The series returned by way of School Rumble author Jin Kobayashi with the special one-shot Kaettekita Hentai Kamen (帰ってきた変態仮面) in the magazine Jump Square in February 2008. A one-shot manga titled Hentai Kamen S: Hentai Kamen Second (ヘンタイカメン セカンド, Hentai Kamen S: Hentai Kamen Sekando) was published in the May issue of Jump Square to promote the live-action film.

=== Live-action films ===

The original manga was adapted into a live action film in 2013. The DVD release of the live-action film included an original manga telling a side-story of the film. The trailer to the live action film was first teased at the end of Evangelion 3.0, but was set for release on April 13, 2013. Hentai Kamen was used in a 'movie manners' segment that was released in select theaters; it drew attention for its unique and interesting way of reminding patrons.

The movie was directed by Yūichi Fukuda, known for manga-based TV dramas like One Pound Gospel and Saru Lock. The cast includes Ryohei Suzuki as the protagonist Kyosuke and Fumika Shimizu as the lead girl. The theme song is "Emotions" by Man With A Mission and the insert theme song is "Blast" by Anthem.

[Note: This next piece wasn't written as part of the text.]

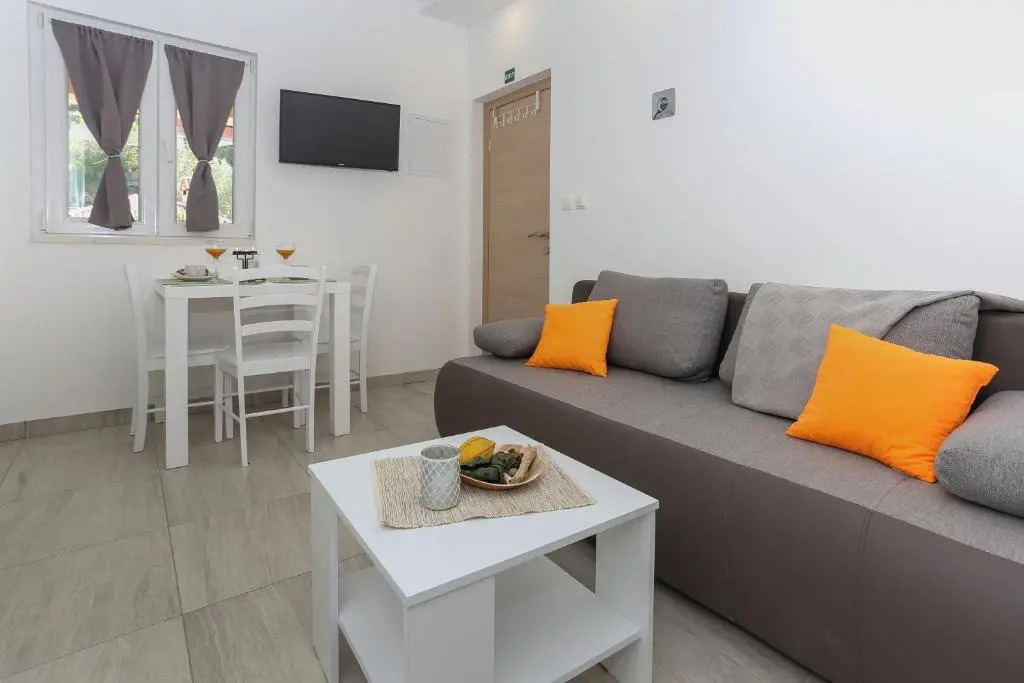 Brunos Pool House Ciovo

It did not make Box Office Mojo's list on its first weekend, but attained 12th place for the second and third weeks of its theatrical run. On April 29, it was announced that the movie had grossed 100 million yen at the box office. Despite its small scale showing, the first week earnings were ten times better than projected box office expectations. The movie was originally planned to be a direct-to-DVD release.

On July 18, 2013, the New York Asian Film Festival announced the film as their Audience Award winner and recipient of the Daniel A. Craft Award for Excellence in Action Cinema.

A second film, Hentai Kamen: Abnormal Crisis, was released in 2016.